Motor Ducati warna merah itu diparkirkan oleh Ival di pinggir jalan— di dekat taman komplek perumahan elit— dimana Aeri dan kedua orang tuanya tinggl. Sedangkan Ival dan Aeri sudah duduk di atas rerumputan, menghadap ke sebuah kolam besar berbentuk lingkaran yang terdapat air mancur ditengah-tengah nya.
Ival dan Aeri sengaja berhenti di taman itu untuk sekedar menenangkan diri setelah lolos dari kejaran orang-orang yang akan melukai mereka.
Menggunakan telapak tangan kiri Aeri menggenggam pergelangan. "Aaaah... Heeest." Cowok itu meringis, wajahnya pucat dan berkerut melihat goresan luka di telapak tangannya. "Sakit banget anjing." Berulangkali ia meniup luka itu untuk menghilangkan rasa perih dan nyeri yang gabung menjadi satu. Namun upayanya sia-sia, rasa sakit itu tidak berkurang sedikitpun.
Di samping Aeri— Ival menelan ludah. Wajahnya terlihat kebingungan melihat telapak tangan cowok itu mulai memucat. Setelah sepersekian detik berpikir Ival kemudian melepaskan jaket dan meloloskan kaus berikut singlet yang ia kenakan— membuat dirinya bertelanjang dada. Sehingga nampak lah dengan jelas tubuh kuning langsat milik laki-laki itu.
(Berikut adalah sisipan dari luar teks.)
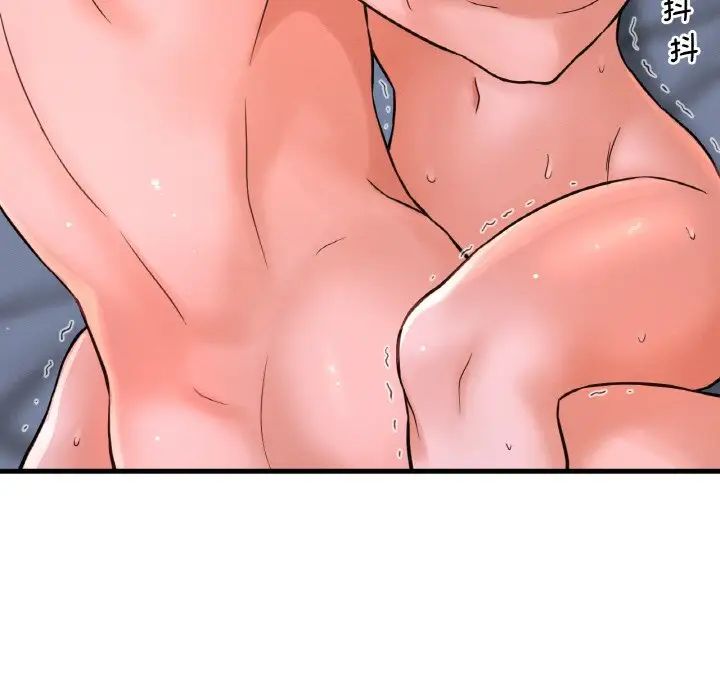 《我的女王》漫画 第16話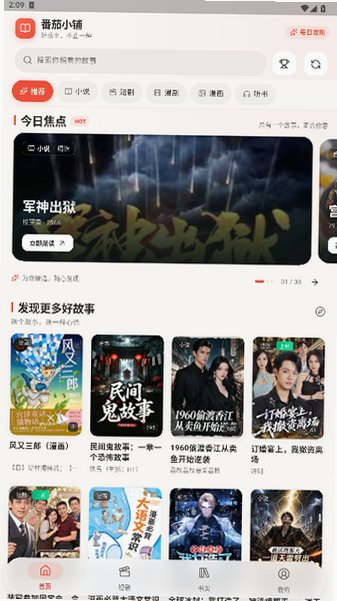 番茄小铺app官方下载2026最新版1.0.96截图0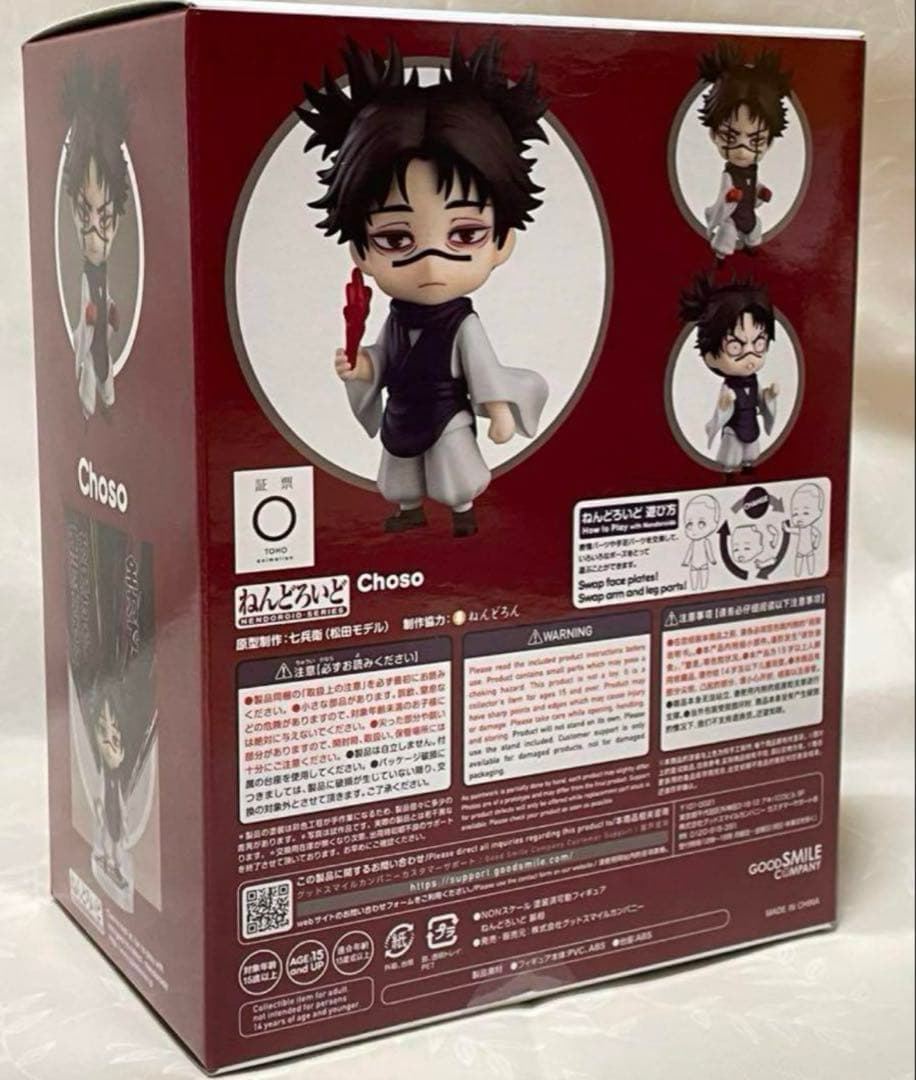 呪術廻戦　ねんどろいど　脹相　フィギュア　グッスマ　グッドスマイルカンパニー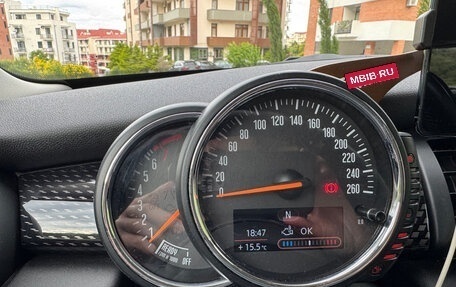 MINI Hatch, 2014 год, 1 590 000 рублей, 7 фотография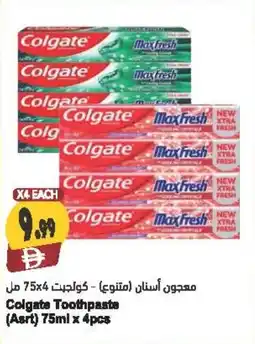 Almaya supermarket Colgate Toothpaste offer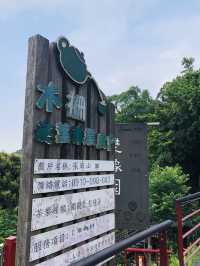 好好行的一個小山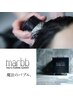 【1日２名限定】カット＋marbb ＋極上ヘッドスパ(25分) ￥11000→￥8580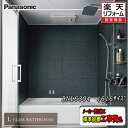Panasonic 最高級バスルーム L-CLASS 1616 プランBNL6304 写真セット メーカー標準組立費込 送料無料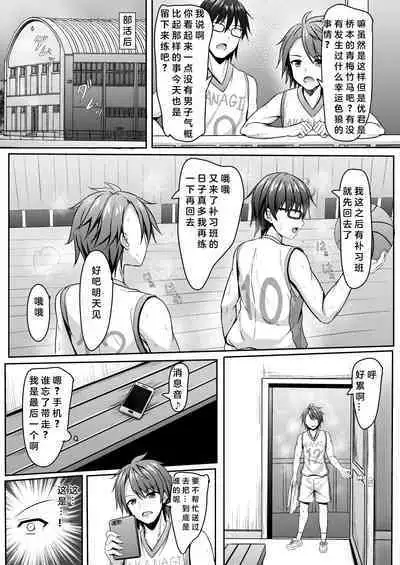 Netorare jk Koibito no Shinyuu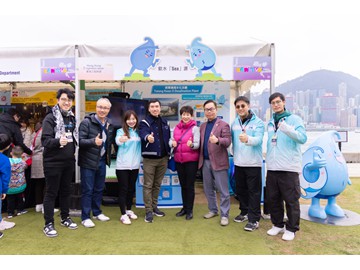 WAU_0686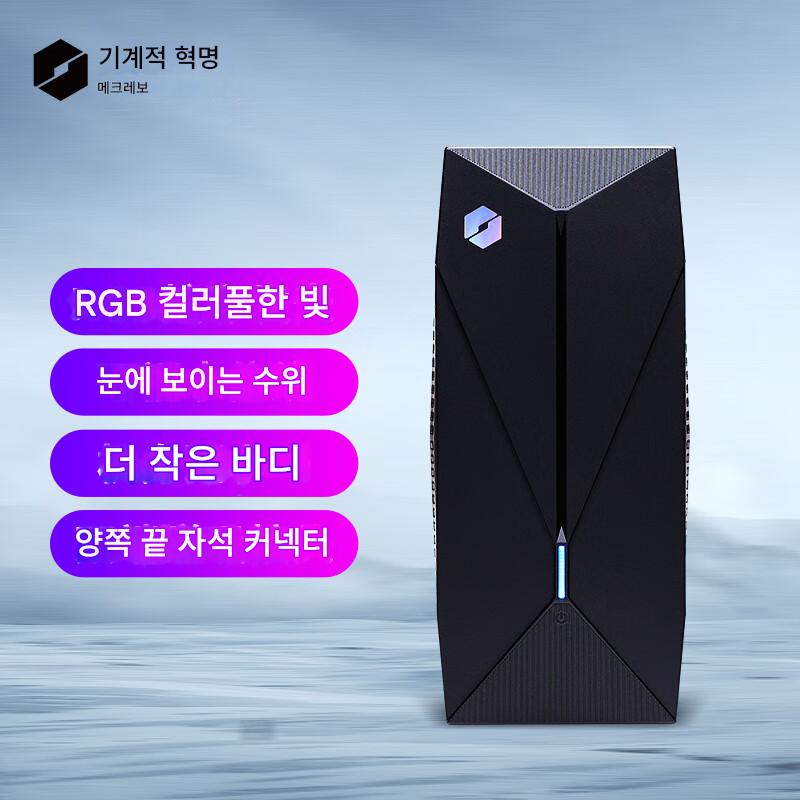 main_713572927949_0-1 MECHREVO Ice Age 2 게임용 노트북 외부 수냉 쿨러 노트북 냉각용 - 이미지 1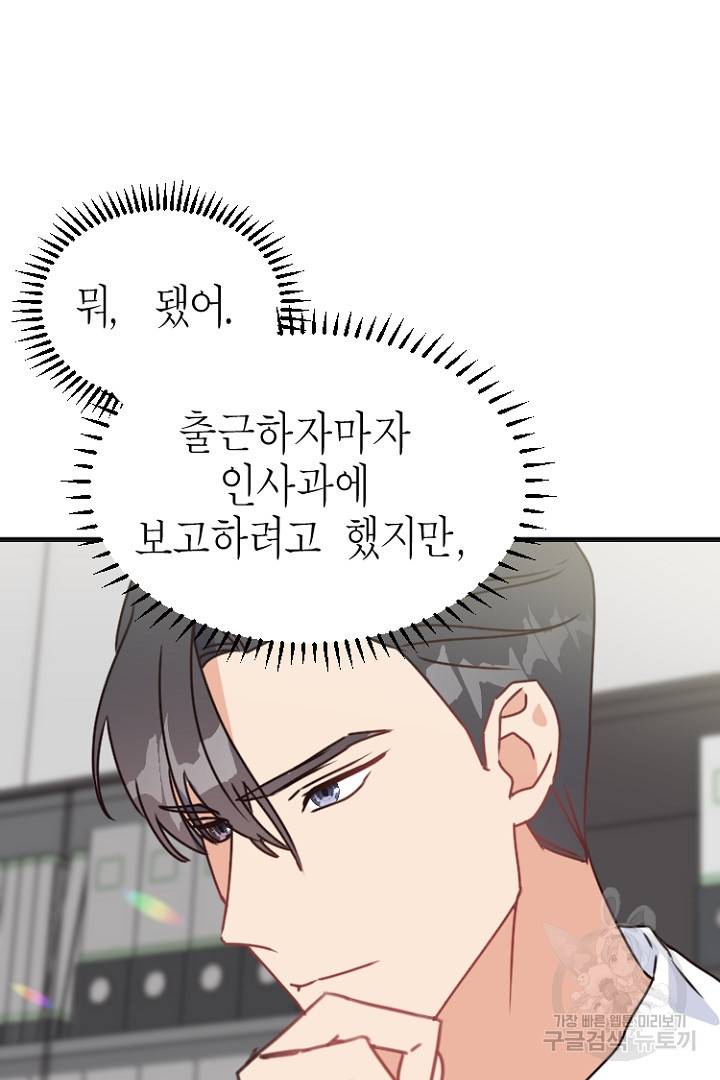 하필, 본부장 12화 50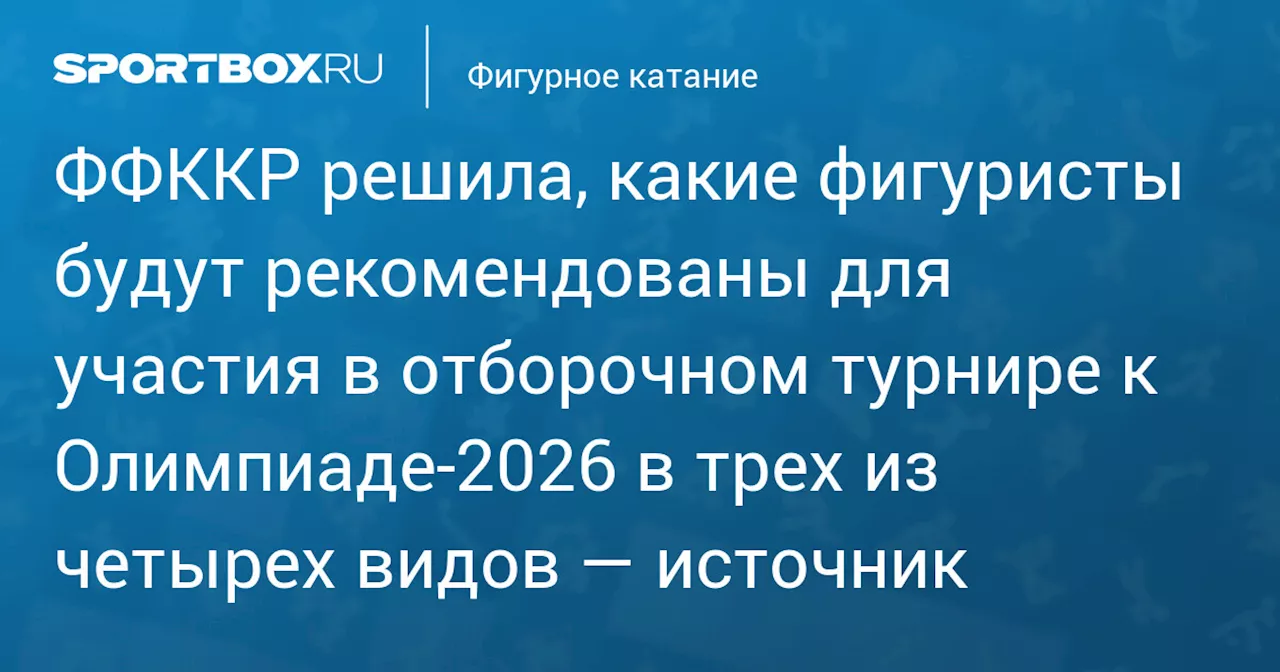 Российские фигуристы определились на отбор к Олимпиаде-2026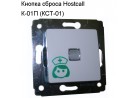 ������ ������ Hostcall  �-01� (���-01)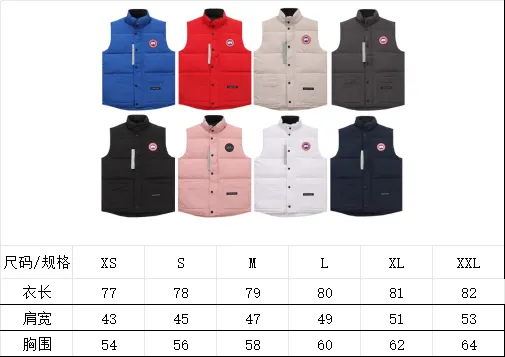 F Authentic Canada Goose CROFTON Classic DWR Wind Wall Sizes：XS S M L XL XXL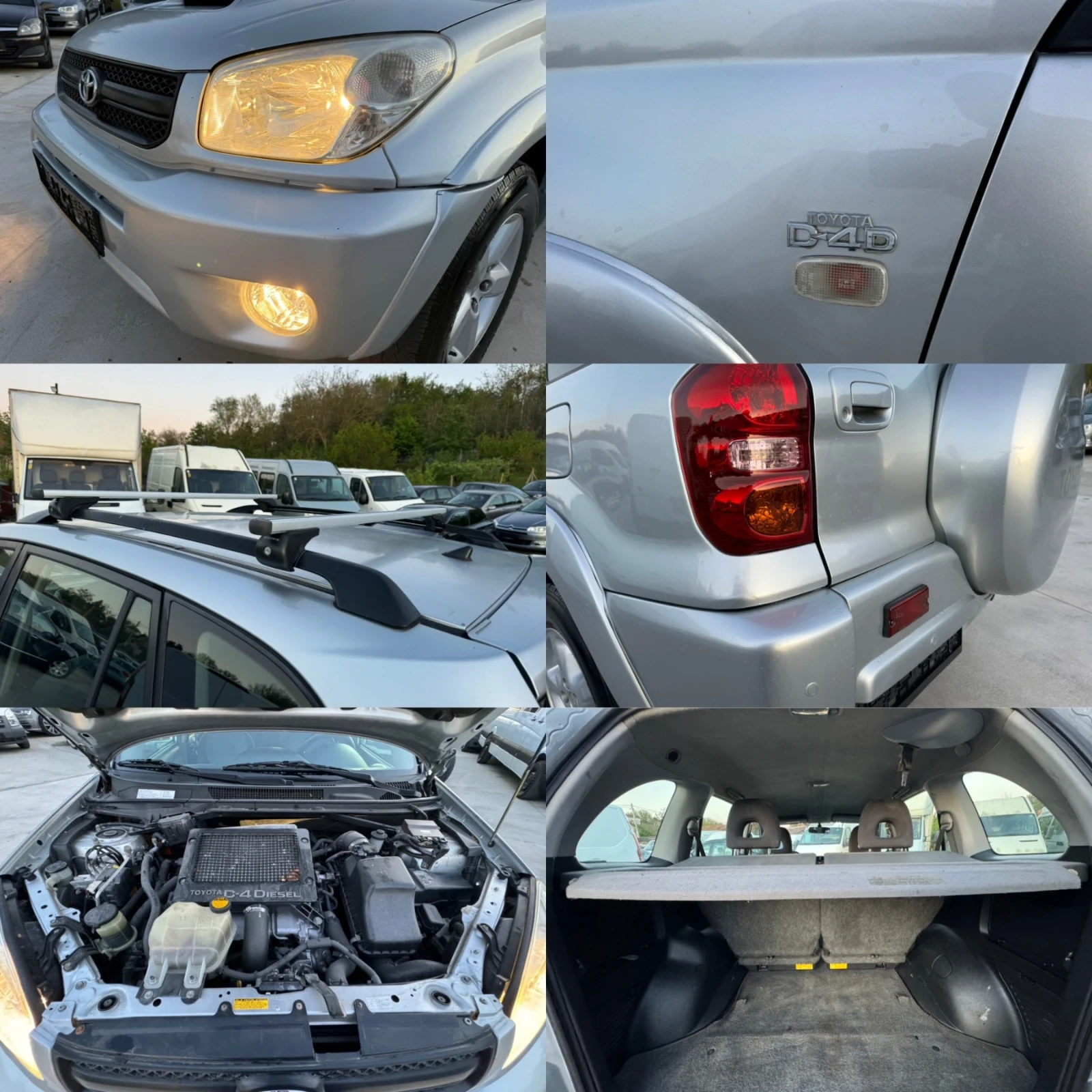 Toyota Rav4 2.0 D-4D  | Mobile.bg — изображение 17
Usia Ival yang masih belasan tahun membuat ia tidak mempunyai banyak otot pada tubuhnya. Namun, dadanya yang bidang, punggung dan lengannya yang kokoh— padat berisi, membuat laki-laki itu terlihat gagah. Walaupun tidak ada empat— apalagi enam kotak, menghias di perutnya, tapi tetap saja, laki-laki itu sangat seksi dengan bentuk perut yang rata dan terlihat keras. Lubang puser yang melingkar sempurna di tengah-tengah perut, membuat Ival terlihat semakin menggoda.
Laki-laki bertelanjang dada itu beranjak dari duduk dan berjalan menggunakan lutut— berhenti tepat di hadapan Aeri, lantas menjatuhkan pantatnya disana. Tanpa permisi Ival meraih tangan Aeri dan membuat si pemilik tangan tersentak kaget.
Aeri mengerutkan kening menatap heran pada Ival. Bagaimana laki-laki itu sudah berada di hadapannya— bahkan dalam keadaan telanjang dada, Aeri tidak menyadarinya. Cowok itu terlalu fokus, menatap luka di telapak tangan dan juga menikmati rasa sakitnya. Sehingga ia sampai tidak sadar, kapan laki-laki itu melepas pakaian dan duduk di depannya.
Aeri terdiam menatap tangan Ival begitu pelan dan sabar membersihkan darah yang hampir mengering disekitar lukanya menggunakan singlet. Sesekali ia tersentak, meringis dan mengaduh, merasakan perih akibat kain singlet yang tidak sengaja bersentuhan dengan lukanya.
"Tolol," cetus Ival kemudian.
Kening Aeri berkerut. "Siapa yang tolol?" tanya cowok itu.
"Elu," sahut Ival tanpa mengalihkan perhatiannya dari telapak tangan yang sedang ia bersihkan. "Sok kuat."
"Sok kuat gimana? Gue udah nyelamatin elu."
Ival mendongak menatap Aeri juga sedang menatap dirinya. "Elu bisa kan, tarik tangan orang itu, atau dorong badannya mungkin. Enggak harus pegang pisaunya."
"Gue panik," protes Aeri. "Mana sempet gue mikir ke sana. Tolol. Lagian gue udah nolongin lu, bukannya makasih—" Aeri mendengkus. "Malah protes."
"Iya juga si, lu udah nyelamatin gue." Ival terdiam menatap telapak tangan Aeri— meski tidak terlalu bersih tapi darah di sekitar luka sudah sedikit berkurang. "Tangan lu jadi luka kayak gini, gara-gara gue."